This past Saturday marked five months since Renee Good was shot and killed on Jan. 7 in Minneapolis by an Immigration and Customs Enforcement agent.
The federal officer was one of about 4,000 immigration and border enforcement agents sent to Minnesota during the immigration crackdown the White House called “Operation Metro Surge.”
The focus was to deport — in the words of President Donald Trump — the “really bad criminals.”
By the time the surge wound down weeks later, several thousand people had been detained. Many were deported. Most had no criminal record. Many more immigrants stopped going to school and work, and hid at home for weeks. In response, thousands of Minnesotans organized to support people in hiding, document ICE activity and protest the immigration raids.
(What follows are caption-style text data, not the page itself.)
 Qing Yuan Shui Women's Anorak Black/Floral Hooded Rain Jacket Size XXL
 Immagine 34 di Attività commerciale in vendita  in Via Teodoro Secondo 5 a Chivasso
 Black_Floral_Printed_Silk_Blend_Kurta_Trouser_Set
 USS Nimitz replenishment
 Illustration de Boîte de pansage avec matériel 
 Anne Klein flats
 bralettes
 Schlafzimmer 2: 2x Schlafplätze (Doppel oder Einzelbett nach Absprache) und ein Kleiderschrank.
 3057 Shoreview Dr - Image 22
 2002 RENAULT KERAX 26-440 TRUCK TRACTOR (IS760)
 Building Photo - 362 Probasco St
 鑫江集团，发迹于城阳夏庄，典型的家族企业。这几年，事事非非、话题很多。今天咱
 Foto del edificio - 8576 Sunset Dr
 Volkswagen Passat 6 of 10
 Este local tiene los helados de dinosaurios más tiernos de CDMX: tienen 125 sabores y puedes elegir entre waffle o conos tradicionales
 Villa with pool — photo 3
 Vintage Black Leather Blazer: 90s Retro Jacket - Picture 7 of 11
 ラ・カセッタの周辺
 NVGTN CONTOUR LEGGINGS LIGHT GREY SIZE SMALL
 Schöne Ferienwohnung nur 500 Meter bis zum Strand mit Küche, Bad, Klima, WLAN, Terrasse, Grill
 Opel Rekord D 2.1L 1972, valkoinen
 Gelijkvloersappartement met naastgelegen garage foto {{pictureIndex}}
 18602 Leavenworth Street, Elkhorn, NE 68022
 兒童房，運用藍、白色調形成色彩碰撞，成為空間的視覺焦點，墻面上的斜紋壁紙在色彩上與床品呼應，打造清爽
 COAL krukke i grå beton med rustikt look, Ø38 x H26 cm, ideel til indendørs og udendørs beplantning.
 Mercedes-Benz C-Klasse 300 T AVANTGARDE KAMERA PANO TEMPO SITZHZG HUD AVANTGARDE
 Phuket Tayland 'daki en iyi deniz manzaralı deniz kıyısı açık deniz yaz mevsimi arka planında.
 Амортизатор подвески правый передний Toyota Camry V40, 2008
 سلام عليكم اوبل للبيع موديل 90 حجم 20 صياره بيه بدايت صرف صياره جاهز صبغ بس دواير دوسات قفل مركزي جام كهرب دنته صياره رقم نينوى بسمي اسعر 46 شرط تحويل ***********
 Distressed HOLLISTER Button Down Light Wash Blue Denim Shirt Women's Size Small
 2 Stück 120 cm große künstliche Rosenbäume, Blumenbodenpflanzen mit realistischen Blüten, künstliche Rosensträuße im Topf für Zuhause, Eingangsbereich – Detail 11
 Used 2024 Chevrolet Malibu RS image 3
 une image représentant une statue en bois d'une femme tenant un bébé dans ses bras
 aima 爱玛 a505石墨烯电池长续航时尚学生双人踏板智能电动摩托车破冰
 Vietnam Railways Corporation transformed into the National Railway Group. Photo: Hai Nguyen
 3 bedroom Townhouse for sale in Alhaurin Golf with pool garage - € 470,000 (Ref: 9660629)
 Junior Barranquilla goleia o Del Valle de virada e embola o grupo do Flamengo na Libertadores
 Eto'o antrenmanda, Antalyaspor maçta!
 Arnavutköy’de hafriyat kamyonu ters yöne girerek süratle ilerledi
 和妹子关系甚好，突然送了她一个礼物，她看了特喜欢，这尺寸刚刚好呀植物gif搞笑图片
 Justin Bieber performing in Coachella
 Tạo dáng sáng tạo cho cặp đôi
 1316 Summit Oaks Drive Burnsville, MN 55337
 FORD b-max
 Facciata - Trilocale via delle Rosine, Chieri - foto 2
MPR News host Angela Davis talks with the leaders of two organizations on the front lines about their experiences during the federal enforcement surge, what immigration enforcement looks like now and what comes next.
Guests:
- Francisco Segovia is a founder and executive director of Comunidades Organizando el Poder y la Acción Latina (COPAL), which was started in 2018 to organize grassroots support to improve the lives of Latino families in Minnesota. In 2024, COPAL launched the Immigrant Defense Network, a coalition of more than 100 immigrant, labor, legal, faith and community organizations to respond quickly to immigration enforcement actions in Minnesota.
- Michelle Garnett McKenzie is the executive director of The Advocates for Human Rights, a nonprofit that provides free legal services to immigrants, documents human rights abuses and advocates for human rights. She joined the organization in 1999 as an attorney representing asylum seekers and detained immigrants. She also serves on the steering committee of the Immigrant Defense Network.